■ Task prompt ■
Your answer must be the records below repeated word for word, with no pictures in it.

# # #

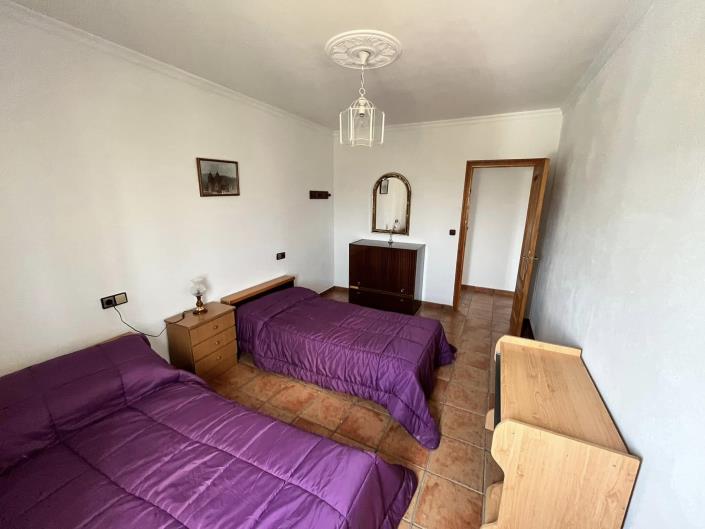 Image No.4-3 Bed Country House for sale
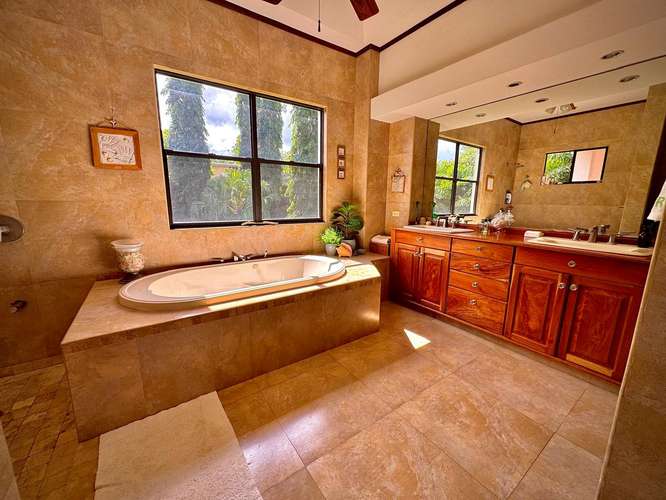 Venta de Casa en Carretera Sur  - Imagen 14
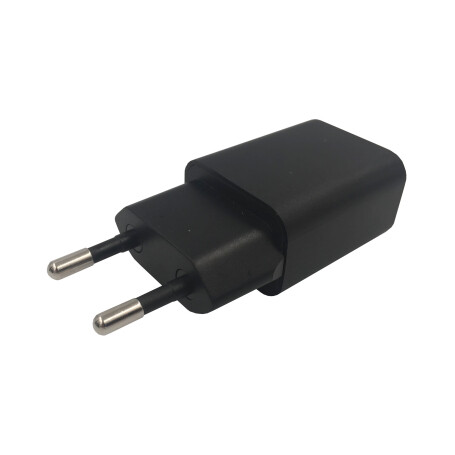 Chargeur SCHUMACHER 9200179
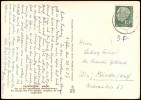 Address side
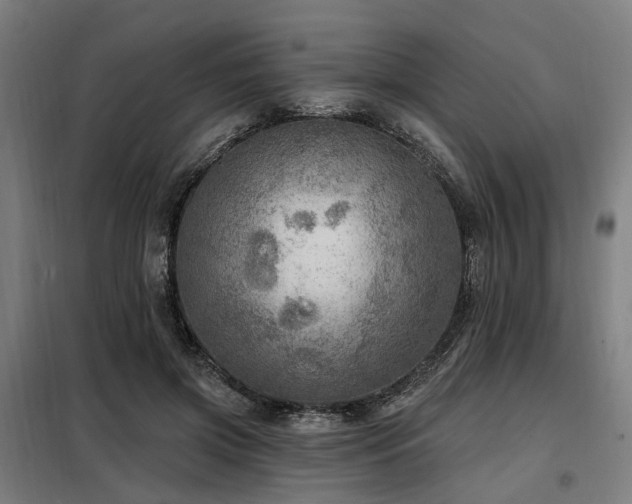 X0000098070549200804041127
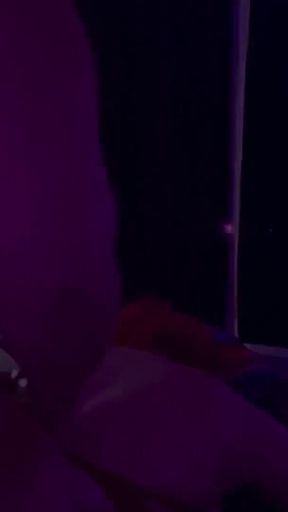My Husband Mr X Pounding Me Into Our Bed Until It Breaks
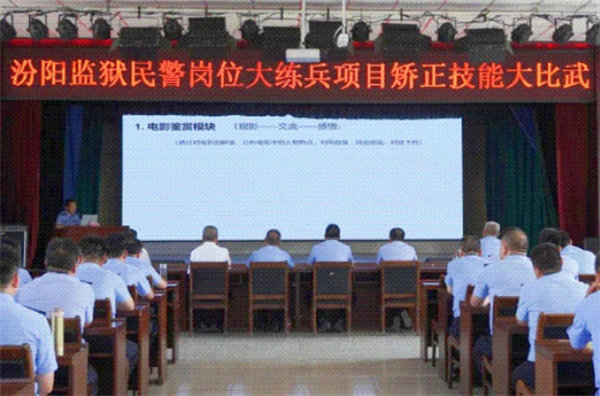 搜狗高速瀏覽器截圖20240715135827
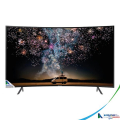 Téléviseur Samsung 4k UHD Curves Smart TV – UA65RU7300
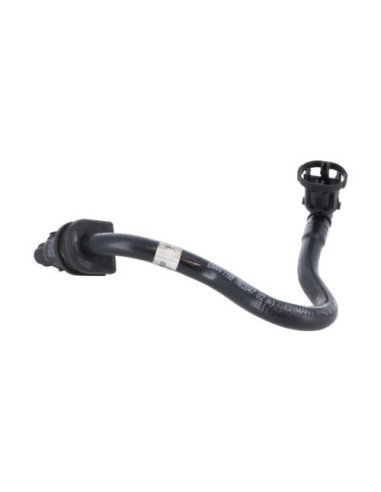 Durite BMW SERIE 1 F20 PHASE 1 Diesel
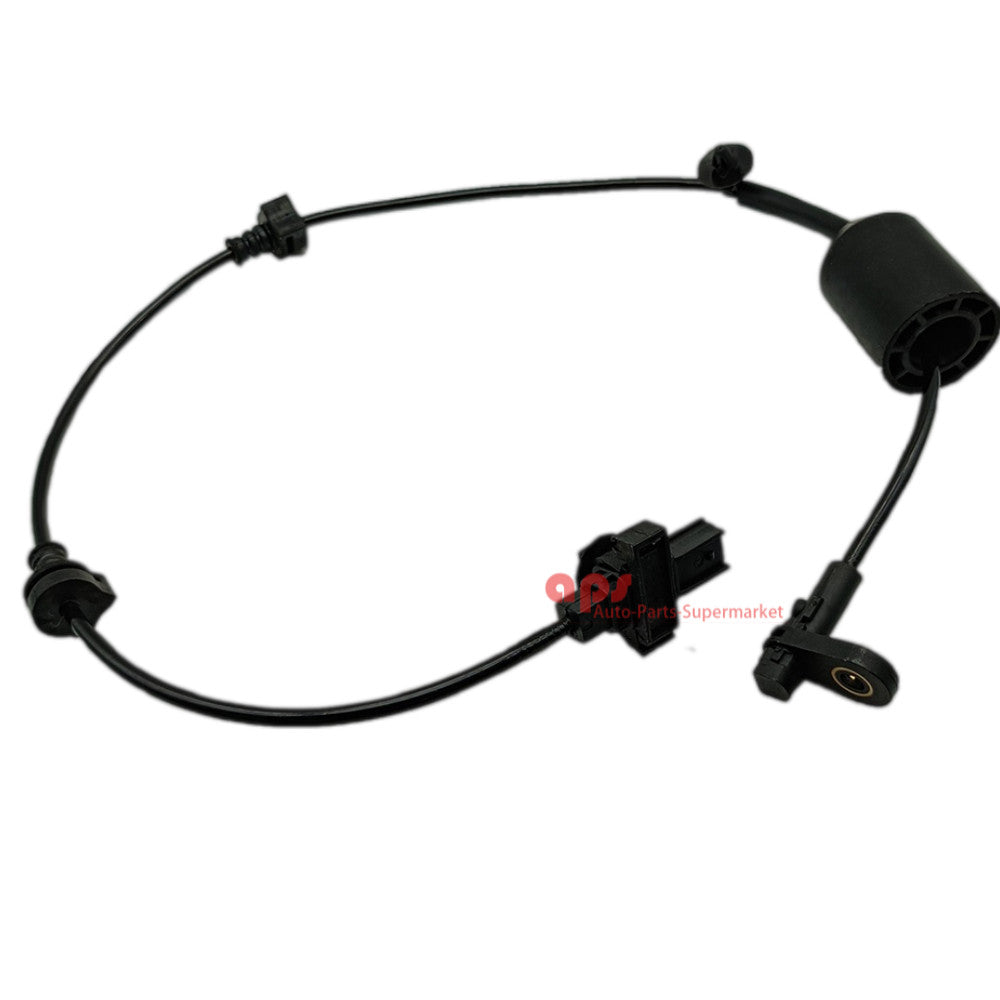Left Rear Wheel Speed Sensor 57475-T5A-003 for Honda City Fit 2015-2019 ABS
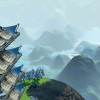 No Man's Sky CN PC Steam CD Key No Man's Sky CN PC Steam CD Key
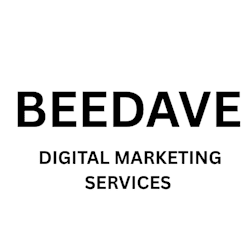 beejay_david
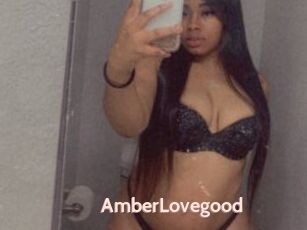 AmberLovegood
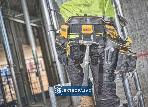 Pas monterski wielofunkcyjny DeWalt DWST1-75552 2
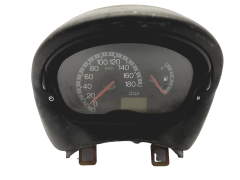Velocímetro Licznik Fiat Seicento 735262299 40290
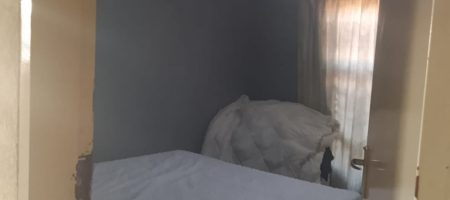 1000377532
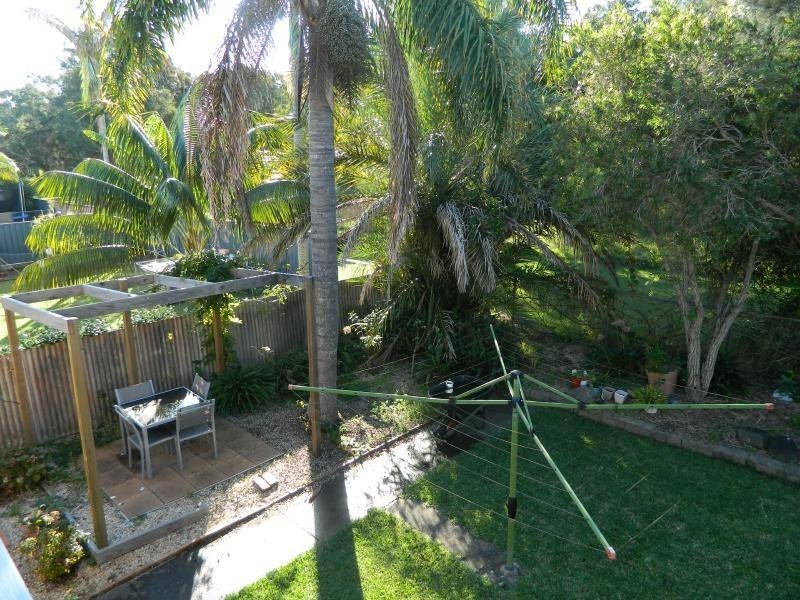 29 Lincoln Street, Forster NSW 2428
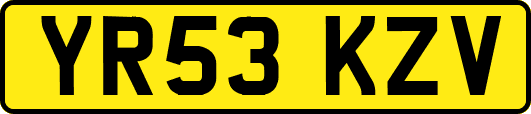 YR53KZV
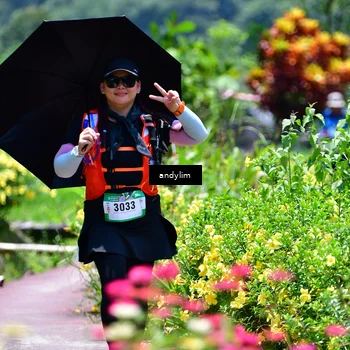 Runner Photo 5090511
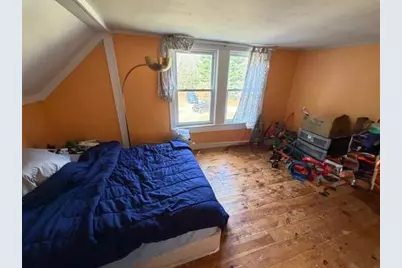 14 Hall Avenue, Merrimack, NH 03054 - Photo 13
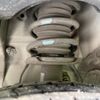 daihatsu move-canbus 2017 -DAIHATSU--Move Canbus DBA-LA800S--LA800S-0040644---DAIHATSU--Move Canbus DBA-LA800S--LA800S-0040644- image 20
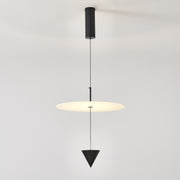 Stralunata Pendant Lamp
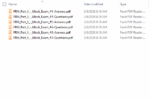 FRM P2 26 Analyst prep mocks_file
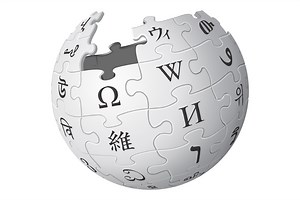 Conceptualizing a new logo contest based on existing practices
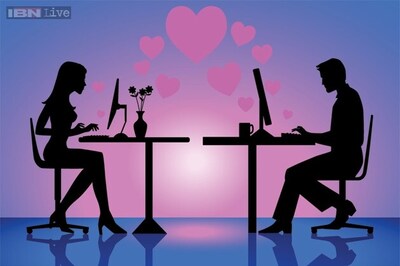 Dating site OkCupid admits to Facebook-style experiment to find love formula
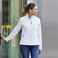 Chaqueta softshell mujer JN1021. .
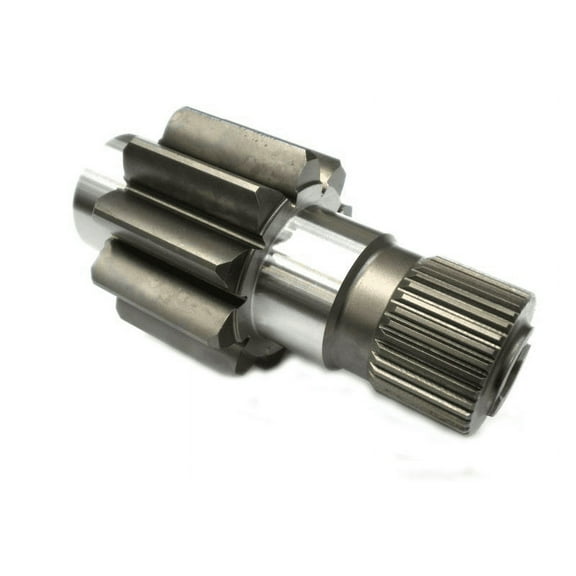 3W5158 - GEAR-PINION for Caterpillar (CAT)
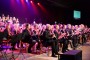 Thumbs/tn_Jubileumconcert 100 jaar Harpe Davids 213.jpg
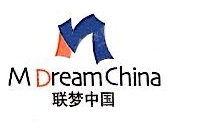 杭州联梦娱乐软件有限公司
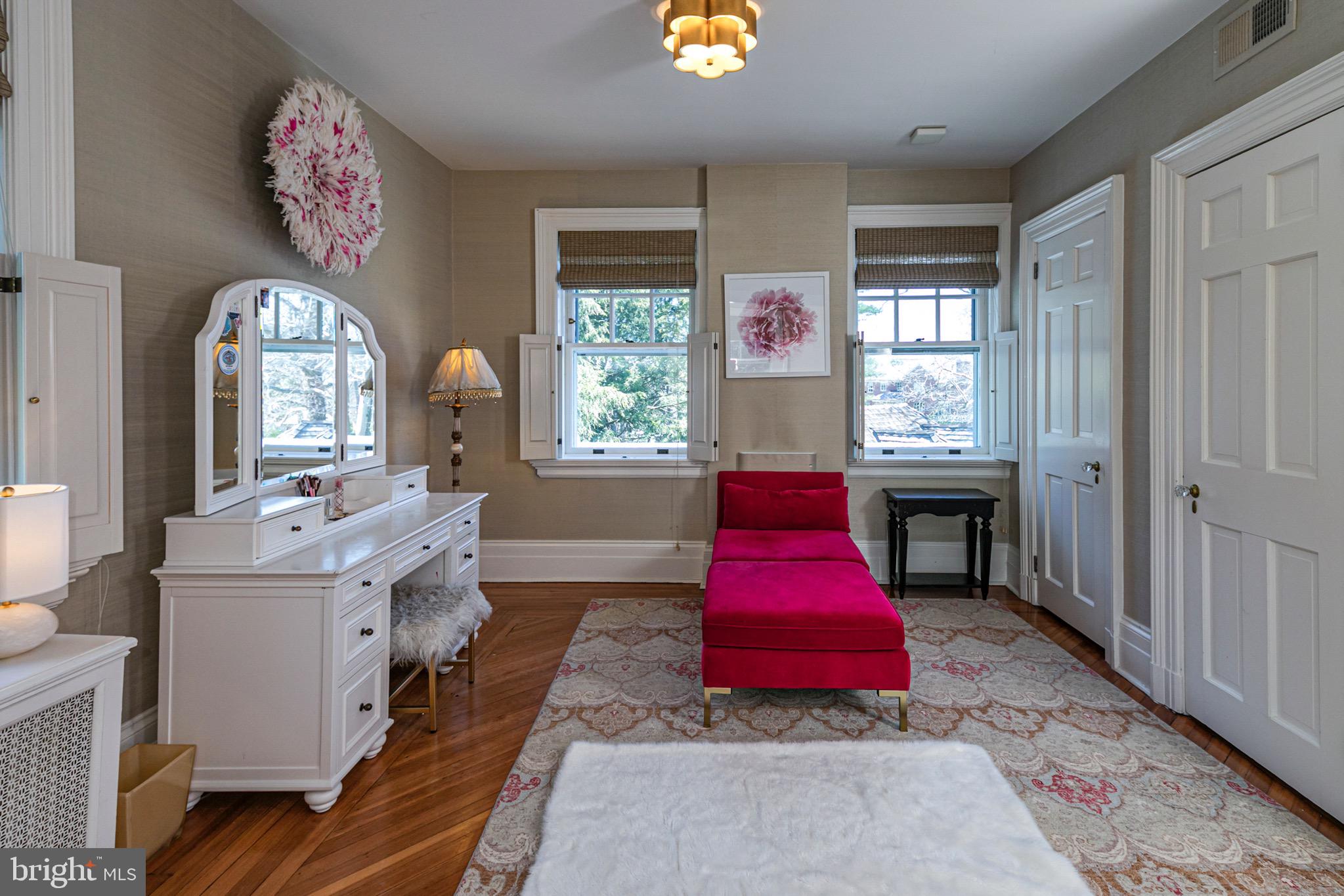 129 Hodge Road Princeton, NJ 08540 - Photo 27 of 43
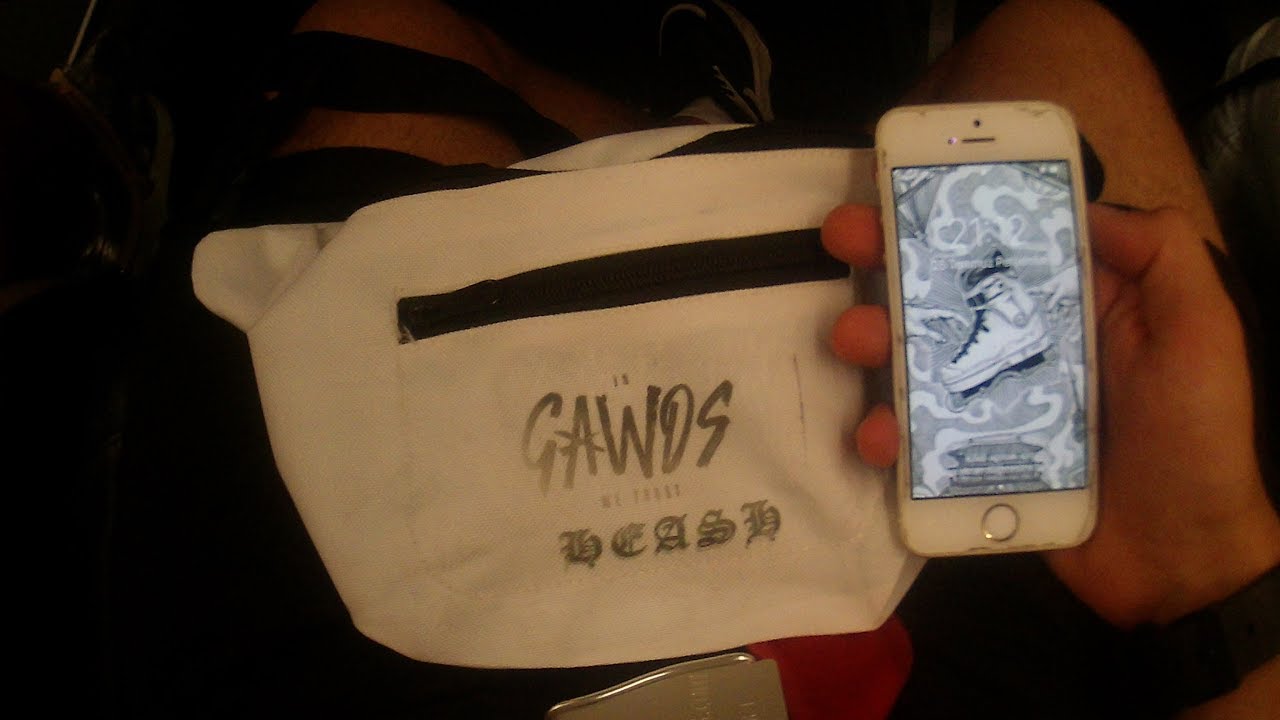 2017MİX ENES BATUHAN CELİLOĞLU AGRESİF PATEN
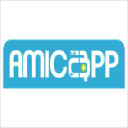 amicapp.com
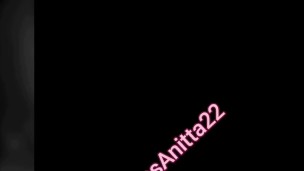 Más contenido en mi Onlyfans🔥🔥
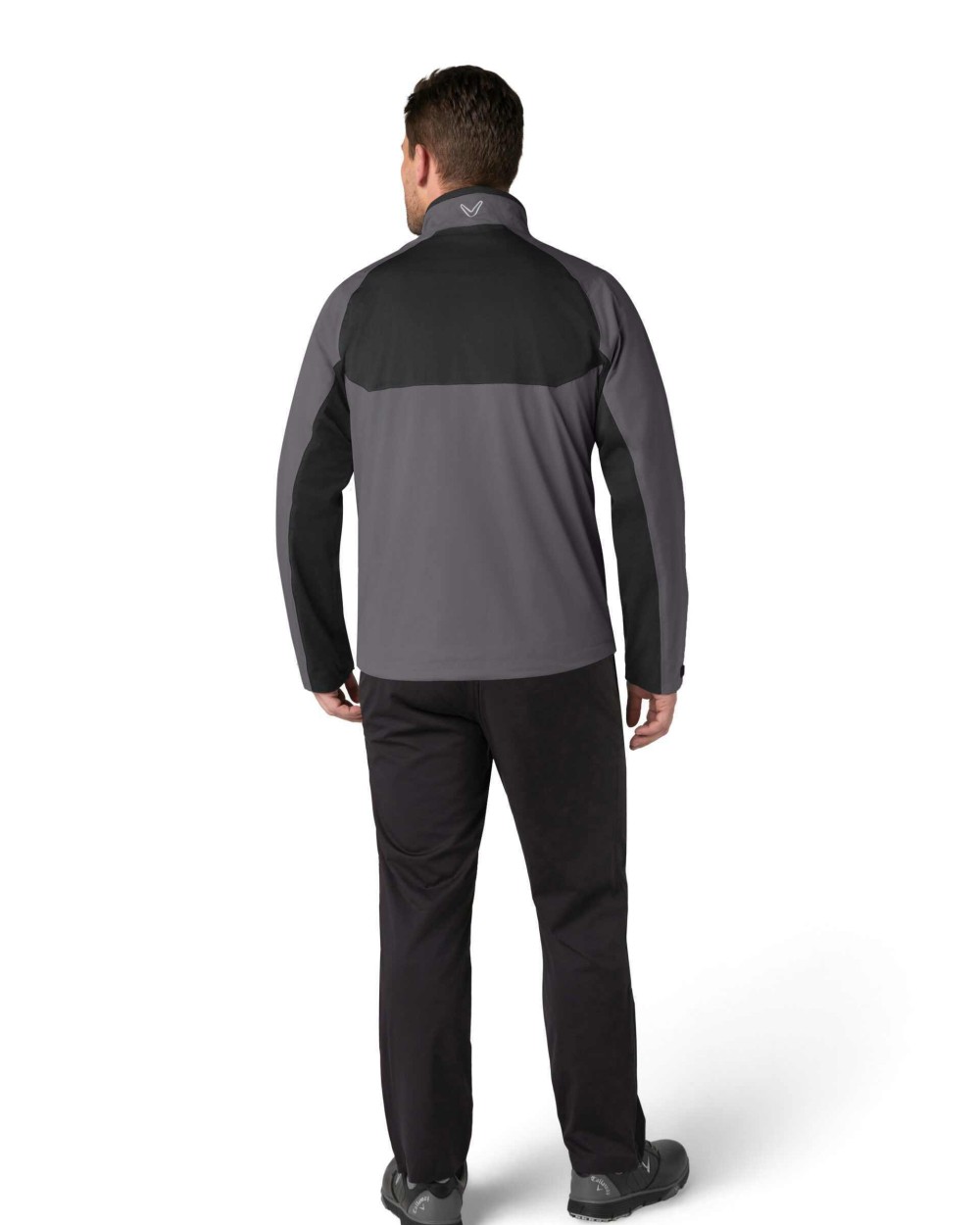 Vestes personnalisable CALLAWAY Veste Stormlite III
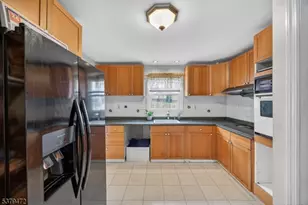 20 Rosney Ter, West Orange Township, NJ 07052 - Photo 13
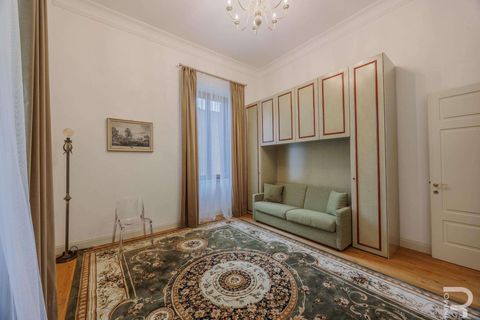 Leilighet i Montecatini Terme, Pistoia, Montecatini Terme - € 385 000 | Ref: R06073MO4Z-1334369 - foto 7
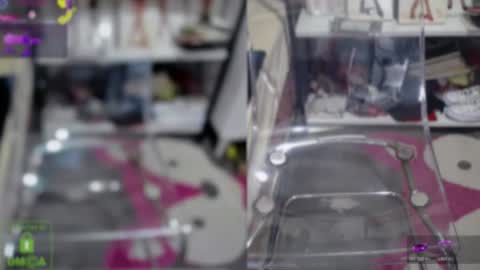 bisex woman online show from 26, 2, 2026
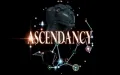 Ascendancy zmenšenina #1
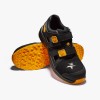 Solid Gear Dune Safety Shoes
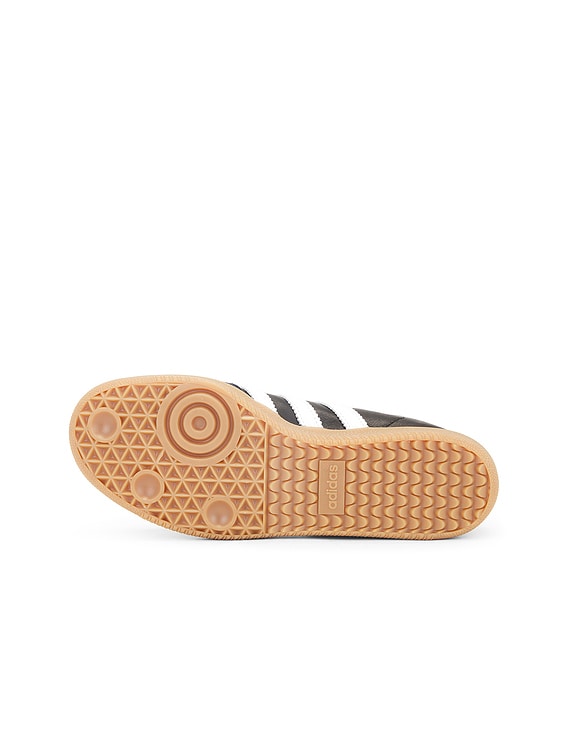 Samba Decon Sneaker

# # #

■ Response ■
 Image No.4-3 Bed Country House for sale
 Venta de Casa en Carretera Sur  - Imagen 14
 Chargeur SCHUMACHER 9200179
 Address side
 X0000098070549200804041127
My Husband Mr X Pounding Me Into Our Bed Until It Breaks
 搜狗高速瀏覽器截圖20240715135827
 Téléviseur Samsung 4k UHD Curves Smart TV – UA65RU7300
 Durite BMW SERIE 1 F20 PHASE 1 Diesel
Left Rear Wheel Speed Sensor 57475-T5A-003 for Honda City Fit 2015-2019 ABS
 No Man's Sky CN PC Steam CD Key No Man's Sky CN PC Steam CD Key
 beejay_david
 AmberLovegood
 Pas monterski wielofunkcyjny DeWalt DWST1-75552 2
Velocímetro Licznik Fiat Seicento 735262299 40290
 1000377532
 29 Lincoln Street, Forster NSW 2428
 YR53KZV
 Runner Photo 5090511
 14 Hall Avenue, Merrimack, NH 03054 - Photo 13
 daihatsu move-canbus 2017 -DAIHATSU--Move Canbus DBA-LA800S--LA800S-0040644---DAIHATSU--Move Canbus DBA-LA800S--LA800S-0040644- image 20
 Stralunata Pendant Lamp
 FRM P2 26 Analyst prep mocks_file
 Conceptualizing a new logo contest based on existing practices
 Dating site OkCupid admits to Facebook-style experiment to find love formula
 Chaqueta softshell mujer JN1021. .
 3W5158 - GEAR-PINION for Caterpillar (CAT)
 Thumbs/tn_Jubileumconcert 100 jaar Harpe Davids 213.jpg
 杭州联梦娱乐软件有限公司
 129 Hodge Road Princeton, NJ 08540 - Photo 27 of 43
 2017MİX ENES BATUHAN CELİLOĞLU AGRESİF PATEN
 amicapp.com
 Más contenido en mi Onlyfans🔥🔥
 Vestes personnalisable CALLAWAY Veste Stormlite III
 20 Rosney Ter, West Orange Township, NJ 07052 - Photo 13
 Leilighet i Montecatini Terme, Pistoia, Montecatini Terme - € 385 000 | Ref: R06073MO4Z-1334369 - foto 7
 bisex woman online show from 26, 2, 2026
 Ascendancy zmenšenina #1
 Solid Gear Dune Safety Shoes
 Samba Decon Sneaker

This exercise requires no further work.